December 29, 1987
I’m starting this letter, with no knowledge of its actual content, length or whatever. Historians, politicians and scholars are prepared for years to write books on what’s happening in this little country.
Those who do speak or write on the subject have varied points of view, depending on education, religion, custom or knowledge. So many people have opinions based solely on second- or third-hand information or prejudice. Is mine completely objective? That’s perhaps the first subject to consider.
No matter what is said, I have no spiritual Jewish background. I have Jewishness in the blood, I have it in the heart, but my knowledge of Judaism, Jewishness and Israel have been developed through experiences during my adult life. So I can claim to be fairly objective. I read and listen to the international media, some of which appears to be pro-Arab. Even if totally non-biased, they appear to be in favour pf the Arab side as a result of having 20-odd Arab countries from which to report against the one Jewish state.

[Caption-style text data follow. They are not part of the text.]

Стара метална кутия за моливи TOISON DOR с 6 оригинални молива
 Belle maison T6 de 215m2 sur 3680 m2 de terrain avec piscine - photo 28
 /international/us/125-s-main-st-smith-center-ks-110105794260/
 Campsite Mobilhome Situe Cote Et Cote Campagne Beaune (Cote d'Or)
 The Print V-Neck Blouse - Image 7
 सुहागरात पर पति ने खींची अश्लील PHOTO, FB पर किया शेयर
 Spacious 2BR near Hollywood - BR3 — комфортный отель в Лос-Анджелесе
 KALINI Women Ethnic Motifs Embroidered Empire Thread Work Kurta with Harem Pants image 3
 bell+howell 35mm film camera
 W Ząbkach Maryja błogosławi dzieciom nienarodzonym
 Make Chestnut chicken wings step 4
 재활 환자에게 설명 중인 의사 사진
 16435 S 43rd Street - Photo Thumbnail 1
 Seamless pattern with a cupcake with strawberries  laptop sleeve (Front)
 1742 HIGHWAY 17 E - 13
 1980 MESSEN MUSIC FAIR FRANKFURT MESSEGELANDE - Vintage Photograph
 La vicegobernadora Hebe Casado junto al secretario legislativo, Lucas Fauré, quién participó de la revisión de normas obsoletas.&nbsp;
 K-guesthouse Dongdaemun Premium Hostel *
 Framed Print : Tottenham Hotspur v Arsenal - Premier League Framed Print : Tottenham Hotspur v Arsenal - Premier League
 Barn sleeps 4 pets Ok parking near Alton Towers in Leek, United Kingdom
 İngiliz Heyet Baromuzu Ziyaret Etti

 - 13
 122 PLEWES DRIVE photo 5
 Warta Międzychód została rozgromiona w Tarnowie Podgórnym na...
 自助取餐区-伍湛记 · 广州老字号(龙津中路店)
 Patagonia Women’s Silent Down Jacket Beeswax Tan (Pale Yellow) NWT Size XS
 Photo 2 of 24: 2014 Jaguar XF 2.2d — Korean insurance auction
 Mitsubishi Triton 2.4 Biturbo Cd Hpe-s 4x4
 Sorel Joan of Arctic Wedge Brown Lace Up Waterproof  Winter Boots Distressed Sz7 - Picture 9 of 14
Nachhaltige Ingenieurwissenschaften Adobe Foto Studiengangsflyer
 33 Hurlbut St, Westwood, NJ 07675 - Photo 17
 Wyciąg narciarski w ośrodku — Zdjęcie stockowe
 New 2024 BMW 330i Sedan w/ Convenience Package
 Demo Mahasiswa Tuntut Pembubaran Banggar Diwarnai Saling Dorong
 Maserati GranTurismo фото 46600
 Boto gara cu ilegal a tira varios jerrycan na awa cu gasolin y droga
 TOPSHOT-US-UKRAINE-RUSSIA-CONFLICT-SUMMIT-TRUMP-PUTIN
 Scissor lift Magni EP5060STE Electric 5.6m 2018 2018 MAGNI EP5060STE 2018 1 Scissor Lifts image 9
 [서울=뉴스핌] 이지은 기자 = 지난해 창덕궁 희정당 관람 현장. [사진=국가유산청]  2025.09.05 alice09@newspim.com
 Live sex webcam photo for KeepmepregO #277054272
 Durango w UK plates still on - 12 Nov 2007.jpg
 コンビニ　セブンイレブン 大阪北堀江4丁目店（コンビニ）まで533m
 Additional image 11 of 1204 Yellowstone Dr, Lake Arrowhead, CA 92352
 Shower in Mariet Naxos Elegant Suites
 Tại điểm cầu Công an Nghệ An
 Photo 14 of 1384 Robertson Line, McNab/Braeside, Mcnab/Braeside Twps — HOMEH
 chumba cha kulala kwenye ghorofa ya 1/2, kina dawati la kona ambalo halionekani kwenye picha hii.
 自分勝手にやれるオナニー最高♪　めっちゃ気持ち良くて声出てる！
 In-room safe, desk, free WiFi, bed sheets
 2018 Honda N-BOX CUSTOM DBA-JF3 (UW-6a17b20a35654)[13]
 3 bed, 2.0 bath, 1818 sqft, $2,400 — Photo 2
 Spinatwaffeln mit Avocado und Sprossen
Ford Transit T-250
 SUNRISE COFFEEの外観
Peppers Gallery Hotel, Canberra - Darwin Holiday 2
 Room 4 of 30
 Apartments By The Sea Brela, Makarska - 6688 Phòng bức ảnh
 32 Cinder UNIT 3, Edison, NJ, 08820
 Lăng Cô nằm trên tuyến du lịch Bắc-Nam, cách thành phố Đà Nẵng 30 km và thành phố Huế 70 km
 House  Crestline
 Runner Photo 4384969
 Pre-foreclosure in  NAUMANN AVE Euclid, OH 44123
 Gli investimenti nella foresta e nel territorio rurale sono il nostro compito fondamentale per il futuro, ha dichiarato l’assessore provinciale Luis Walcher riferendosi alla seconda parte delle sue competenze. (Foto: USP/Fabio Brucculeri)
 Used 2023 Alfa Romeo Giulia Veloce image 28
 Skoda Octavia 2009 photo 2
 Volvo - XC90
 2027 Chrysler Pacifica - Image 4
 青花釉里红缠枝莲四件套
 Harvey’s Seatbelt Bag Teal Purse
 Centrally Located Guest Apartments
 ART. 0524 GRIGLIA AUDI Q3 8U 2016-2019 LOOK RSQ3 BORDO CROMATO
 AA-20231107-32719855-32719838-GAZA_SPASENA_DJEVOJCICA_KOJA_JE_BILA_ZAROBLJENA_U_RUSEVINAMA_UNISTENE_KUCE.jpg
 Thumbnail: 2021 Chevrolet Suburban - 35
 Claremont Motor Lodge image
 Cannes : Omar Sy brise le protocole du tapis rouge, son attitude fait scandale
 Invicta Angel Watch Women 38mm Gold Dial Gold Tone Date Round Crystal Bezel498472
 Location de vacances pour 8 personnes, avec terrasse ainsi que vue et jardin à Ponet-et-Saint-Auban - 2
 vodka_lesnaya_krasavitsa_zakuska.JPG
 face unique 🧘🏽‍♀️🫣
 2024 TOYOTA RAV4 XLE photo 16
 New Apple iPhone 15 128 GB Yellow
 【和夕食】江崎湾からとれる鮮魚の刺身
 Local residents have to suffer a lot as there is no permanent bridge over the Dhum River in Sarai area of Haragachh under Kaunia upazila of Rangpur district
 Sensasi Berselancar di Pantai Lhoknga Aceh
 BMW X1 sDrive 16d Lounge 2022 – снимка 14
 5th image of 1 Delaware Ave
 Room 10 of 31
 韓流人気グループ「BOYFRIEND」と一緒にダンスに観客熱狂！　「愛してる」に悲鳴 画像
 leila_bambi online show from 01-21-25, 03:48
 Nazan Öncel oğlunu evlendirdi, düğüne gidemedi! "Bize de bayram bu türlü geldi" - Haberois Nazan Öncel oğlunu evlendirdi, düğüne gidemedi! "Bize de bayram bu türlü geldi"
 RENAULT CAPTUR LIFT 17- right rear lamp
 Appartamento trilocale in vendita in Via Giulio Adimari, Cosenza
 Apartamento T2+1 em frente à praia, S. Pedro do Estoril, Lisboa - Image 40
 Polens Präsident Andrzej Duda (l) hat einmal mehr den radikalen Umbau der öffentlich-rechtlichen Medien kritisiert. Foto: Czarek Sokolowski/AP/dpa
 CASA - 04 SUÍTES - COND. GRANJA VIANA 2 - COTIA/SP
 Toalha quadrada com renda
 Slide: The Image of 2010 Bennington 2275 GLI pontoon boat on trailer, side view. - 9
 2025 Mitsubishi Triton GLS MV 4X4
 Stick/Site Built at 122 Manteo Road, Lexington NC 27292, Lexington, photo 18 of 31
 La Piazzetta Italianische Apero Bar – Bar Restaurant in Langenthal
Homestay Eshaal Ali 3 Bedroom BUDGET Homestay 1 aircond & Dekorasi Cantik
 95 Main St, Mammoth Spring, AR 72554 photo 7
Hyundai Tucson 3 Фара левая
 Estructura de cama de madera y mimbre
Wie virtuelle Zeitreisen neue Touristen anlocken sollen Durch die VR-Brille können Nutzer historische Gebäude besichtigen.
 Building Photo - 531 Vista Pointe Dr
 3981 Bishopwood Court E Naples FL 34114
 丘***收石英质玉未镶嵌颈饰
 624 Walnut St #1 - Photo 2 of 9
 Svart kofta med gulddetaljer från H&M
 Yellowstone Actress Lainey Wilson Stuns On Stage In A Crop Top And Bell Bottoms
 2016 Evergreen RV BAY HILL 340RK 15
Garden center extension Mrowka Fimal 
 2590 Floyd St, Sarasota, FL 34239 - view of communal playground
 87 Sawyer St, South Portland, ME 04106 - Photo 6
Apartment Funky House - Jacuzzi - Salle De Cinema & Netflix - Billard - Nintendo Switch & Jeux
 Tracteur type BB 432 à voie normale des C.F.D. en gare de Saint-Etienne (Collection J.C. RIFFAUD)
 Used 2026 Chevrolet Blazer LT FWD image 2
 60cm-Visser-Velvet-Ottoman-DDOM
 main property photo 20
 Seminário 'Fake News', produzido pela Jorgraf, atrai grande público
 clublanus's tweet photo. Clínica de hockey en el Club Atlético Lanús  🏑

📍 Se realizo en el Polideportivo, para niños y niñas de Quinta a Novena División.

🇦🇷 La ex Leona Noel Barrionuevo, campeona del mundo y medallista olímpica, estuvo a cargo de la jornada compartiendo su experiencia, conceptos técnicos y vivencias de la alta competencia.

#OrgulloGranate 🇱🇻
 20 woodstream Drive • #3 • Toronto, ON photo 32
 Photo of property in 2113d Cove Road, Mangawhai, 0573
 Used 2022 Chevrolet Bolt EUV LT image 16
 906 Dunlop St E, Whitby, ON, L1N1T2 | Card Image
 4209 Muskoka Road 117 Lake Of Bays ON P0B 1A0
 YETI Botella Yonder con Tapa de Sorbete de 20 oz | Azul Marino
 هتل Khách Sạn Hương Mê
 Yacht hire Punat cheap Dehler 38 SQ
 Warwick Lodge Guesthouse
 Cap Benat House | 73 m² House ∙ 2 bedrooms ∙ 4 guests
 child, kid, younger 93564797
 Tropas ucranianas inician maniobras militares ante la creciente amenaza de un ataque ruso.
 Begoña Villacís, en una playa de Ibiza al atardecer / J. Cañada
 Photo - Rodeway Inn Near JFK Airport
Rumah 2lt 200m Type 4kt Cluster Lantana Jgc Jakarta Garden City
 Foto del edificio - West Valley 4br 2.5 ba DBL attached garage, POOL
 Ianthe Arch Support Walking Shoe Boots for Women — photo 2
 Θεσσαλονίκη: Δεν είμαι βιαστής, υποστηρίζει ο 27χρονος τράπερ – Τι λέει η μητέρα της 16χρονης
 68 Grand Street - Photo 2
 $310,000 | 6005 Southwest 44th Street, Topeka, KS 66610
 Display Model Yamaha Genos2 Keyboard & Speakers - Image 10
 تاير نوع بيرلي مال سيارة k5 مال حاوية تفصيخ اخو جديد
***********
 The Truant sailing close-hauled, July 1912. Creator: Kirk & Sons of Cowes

First of all, there has to be an idea of the background of the problem. And I think the history of the Jews is more pertinent than that of the Arab/Muslims. The latter have always had a home, a state, a power base, somewhere to feel safe. For 2,000 years, the Jews were without this. Some may question the importance of this; the American Jews have America and so on.
Unfortunately, and undeniably, the Jews have been persecuted against throughout history. There are two choices: rebel or assimilate (which would be the passive annihilation of the Jew, both in faith and fact). Some may wonder just how important religion, tradition etc. should be to an individual. But there you are messing around with identity and belief. And you cannot, in a free society, deny a person’s right to these.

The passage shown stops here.